The 60th anniversary of the Yalta Conference was a low-key affair in the Crimea. There was a rally and a flypast of airplanes from participating countries at Saki Airfield, two exhibitions at the Livadiya Palace Museum – “The Diplomacy of a Great Victory” and “The 1945 Crimean (Yalta) Conference and Founding of the United Nations Organization,” – and two exhibitions called “Saki, the Gateway of the 1945 Crimean Conference” at Saki’s Historical and Ethnographic Museum and “The 1945 Crimean Conference” at Yevpatoriya’s Ethnographic Museum. Among the more than thirty items on display were photos, copies of newspapers reporting on the Yalta Conference, postcards, as well as archival documents and the personal effects of pilot Ivan Poliakh, who patrolled the skies over Yalta during the conference. He flew one of the warplanes that guarded the Yalta Conference, 100-170 during the day and 48 at night. After the war, Poliakh settled in Yevpatoriya and was awarded a medal and citation for ensuring security during the Yalta Conference.

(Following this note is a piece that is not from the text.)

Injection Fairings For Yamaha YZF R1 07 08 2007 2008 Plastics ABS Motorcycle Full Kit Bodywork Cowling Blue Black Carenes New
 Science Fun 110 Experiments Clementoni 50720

Meanwhile, the celebration of the anniversary of the Yalta Conference failed to become a global affair, as the Crimean organizers had hoped, because the UN, which was founded at the Yalta Conference by the “Big Three,” was also marking its 60th anniversary this year. No foreign ambassadors were present even for the opening ceremony in Livadiya.
The organizers of the celebration announced that the ambassadors of Russia, Belarus, the US, Britain, and France to Ukraine could not take part in the festivities for political reasons (that day Ukraine’s new Cabinet of Ministers was being confirmed in office), and because of bad weather conditions.
Instead of unveiling a monument to the “Big Three,” featuring the figures of Franklin Roosevelt, Winston Churchill, and Joseph Stalin (the latter’s statue, designed by the well known sculptor Zurab Tsereteli, has already been cast in Russia) the organizers confined themselves to installing a bust of Roosevelt on a Yalta street named in his honor. The idea of immortalizing Stalin in bronze had the rabid support of Yalta communists and the Crimean League of Soviet Officers. After a number of politicians criticized the project, the Council of Ministers of the Crimea announced that it had made no decisions on erecting a monument to the leaders of the anti-Nazi coalition. The announcement led to a number of public actions in the Crimea, both in protest against the project and in favor.
The idea to build a monument triggered a vigorous protest among the Crimean Tatars, both in the Crimea and elsewhere. The Crimean Tatar community of Moscow issued a strongly-worded statement against erecting a monument to the dictator, claiming this would signal the revival of Stalinism. “The attempt to erect a monument to this villain looks especially sacrilegious where the Crimea is concerned,” the statement says, “for during the war it was Stalin and his henchmen who carried out the horrendous deportation of more than one-quarter of the peninsula’s population: Crimean Tatars, Germans, Greeks, Bulgarians, and Armenians. It was Stalin’s generals and the would-be generalissimo himself who surrendered the Crimean peninsula to the enemy at the very beginning of the war in 1941, in fact abandoning the civilian populace to its fate and later accusing it of collaborating with the Germans. It should be also remembered that Stalin was personally responsible for the repressions and purges of the 1920s — 1930s as well as for the manmade famine in the Crimea in the early 1930s. Therefore, any attempt to put Stalin back on the pedestal, with or without Churchill and Roosevelt, is intentional or unintentional rehabilitation of this bloody tyrant, which cannot but arouse righteous indignation not only in the victims of Stalin’s terror and their descendants but also all people of sound mind.”
In the meantime, Volodymyr Kazarin, deputy chairman of the Crimean government and one of the celebration organizers, announced that the monument to the “Big Tree” would be unveiled later, in March or April. Liudmyla Kovaliova, curator of the Livadiya Palace Museum, says that so far there are no legal grounds for erecting this monument. The monument’s opponents in Yalta and Simferopol have set up Anti-Stalin Committees to block the transport of Tsereteli’s creation to the Crimea and its installation near Livadiya Palace.